Final
- Champions: Zina Garrison Eva Pfaff
- Runners-up: Katrina Adams Penny Barg
- Score: 4–6, 6–2, 7–6

Details
- Draw: 28
- Seeds: 8

Events
| Singles | Doubles |
| Amelia Island Championships |

= 1988 Bausch & Lomb Championships – Doubles =

Steffi Graf and Gabriela Sabatini were the defending champions but did not compete that year.

Zina Garrison and Eva Pfaff won in the final 4–6, 6–2, 7–6 against Katrina Adams and Penny Barg.

==Seeds==
Champion seeds are indicated in bold text while text in italics indicates the round in which those seeds were eliminated. The top four seeded teams received byes into the second round.

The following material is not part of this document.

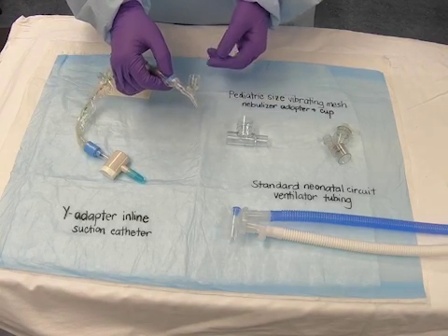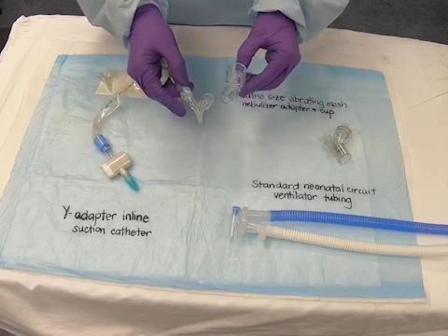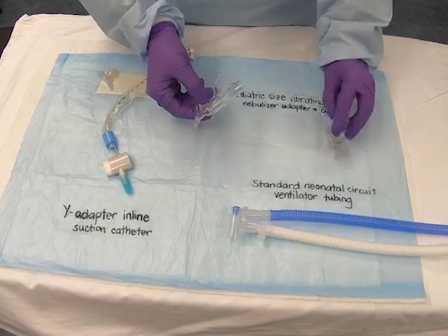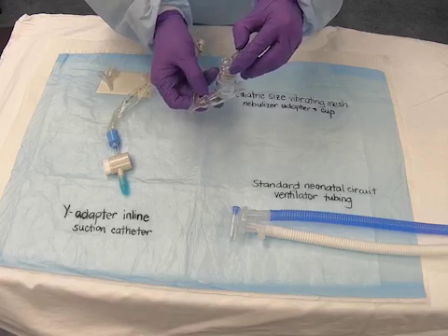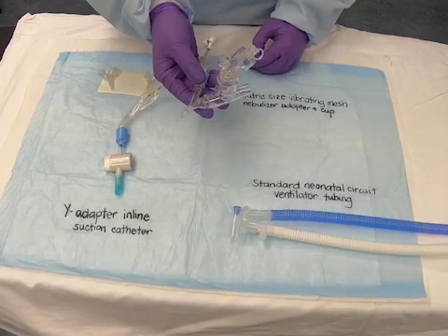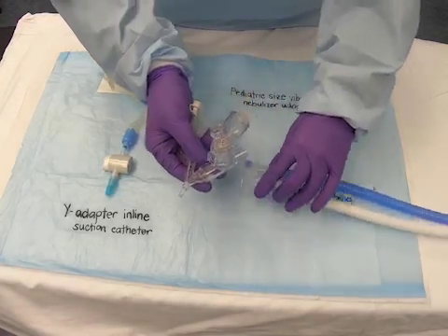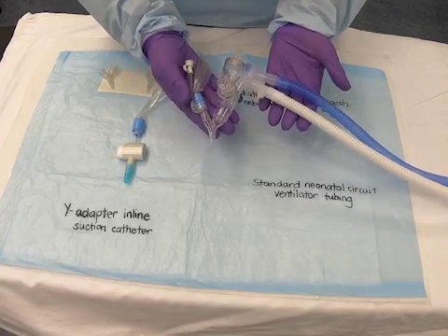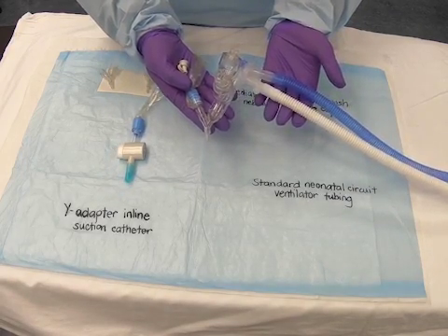Connect the nebulizer adapter to the Y-adapter and place the vibrating mesh puck to the nebulizer adapter. Connect the nebulizer adapter to the ventilator tubing. This setup will be kept ready by the respiratory therapist before the baby is intubated.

1. USA Zina Garrison / FRG Eva Pfaff (champions)
2. CSK Jana Novotná / FRA Catherine Suire (second round)
3. USA Gretchen Magers / USA Candy Reynolds (second round)
4. USA Katrina Adams / USA Penny Barg (final)
5. USA Mary Lou Daniels / USA Anna-Maria Fernandez (first round)
6. ARG Mercedes Paz / ARG Patricia Tarabini (quarterfinals)
7. USA Beverly Bowes / USA Sandy Collins (second round)
8. USA Kathleen Horvath / Dianne Van Rensburg (quarterfinals)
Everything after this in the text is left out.